Deck Randomisation
Alice and Bob love playing Don’tminion, which typically involves a lot of shuffling of decks of different sizes. Because they play so often, they are not only very quick at shuffling, but also very consistent. Each time Alice shuffles her deck, her cards get permuted in the same way, just like Bob always permutes his cards the same way when he shuffles them. This isn’t good for playing games, but raises an interesting question.
They know that if they take turns shuffling, then at some point the deck will end up ordered in the same way as when they started. Alice shuffles once first, then Bob shuffles once, then Alice shuffles again, et cetera. They start with a sorted deck. What they do not know, however, is how many shuffles it will take before the deck is sorted again.
Can you help them compute how many shuffles it will take? As Alice and Bob can only do $10^{12}$ shuffles in the limited time they have, any number strictly larger than this should be returned as huge instead.
Input

The first line contains a single integer $1\leq n\leq 10^5$, the number of cards in the deck.

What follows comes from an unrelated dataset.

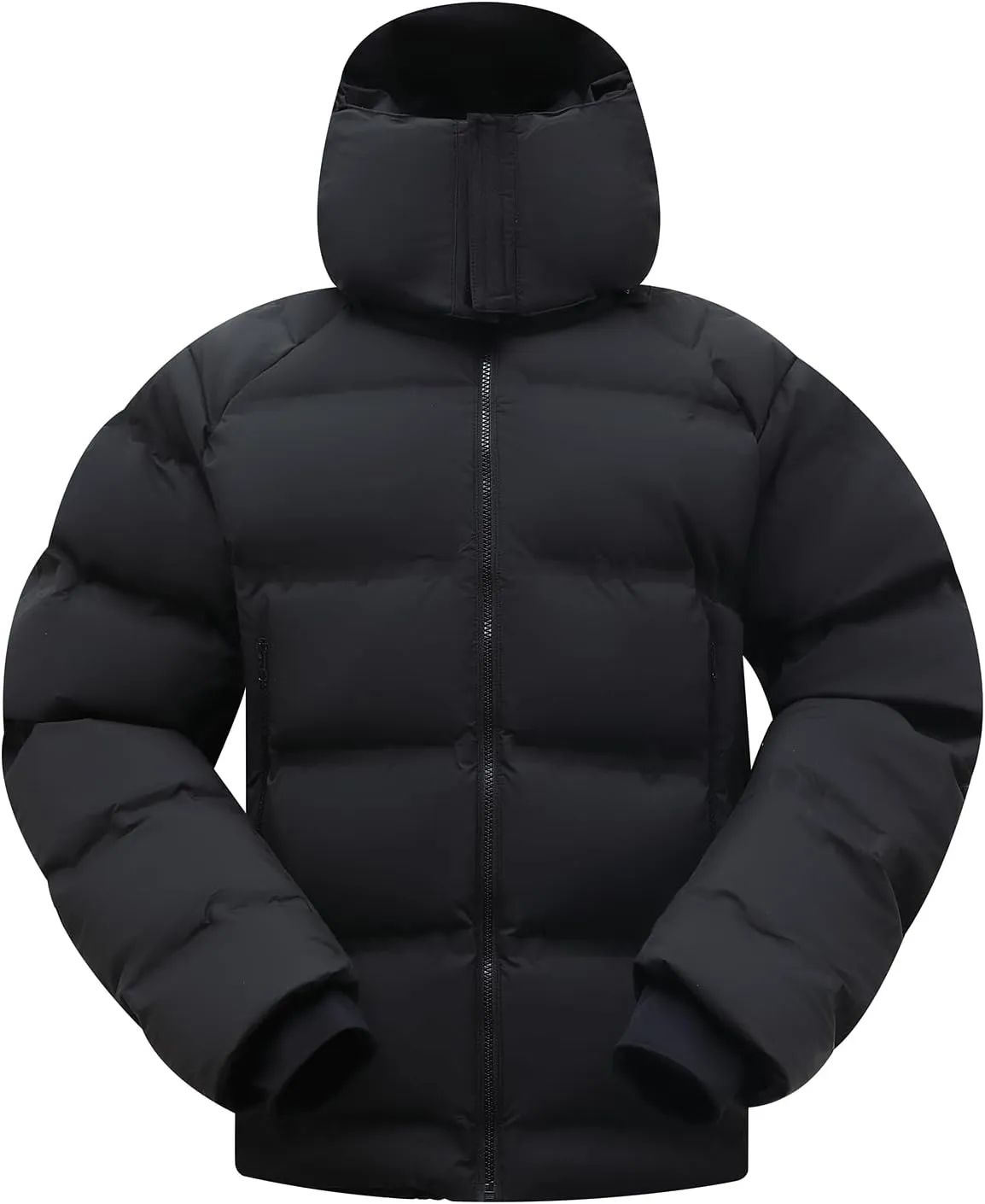 fit space Men's Thickened Down Jacket Super Warm Winter Puffer Jacket Snow Coat with Detachable Hood Waterproof Windproof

The second line contains $n$ distinct integers $1\leq a_1, a_2, \dotsc , a_ n \leq n$, where $a_ i$ is the new position of the card previously at position $i$ when Alice shuffles the deck.

The third line contains $n$ distinct integers $1\leq b_1,b_2,\dotsc , b_ n\leq n$, where $b_ i$ is the new position of the card previously at position $i$ when Bob shuffles the deck.
Output

Output a single positive integer $m > 0$, the minimal number of shuffles required to sort the deck, or huge when this number is strictly larger than $10^{12}$.
Sample Input 1  Sample Output 1 

3 2 3 1 3 1 2 
2 
Sample Input 2  Sample Output 2 

6 5 1 6 3 2 4 4 6 5 1 3 2 
5 
Sample Input 3  Sample Output 3 

8 1 4 2 6 7 8 5 3 3 6 8 4 7 1 5 2 
10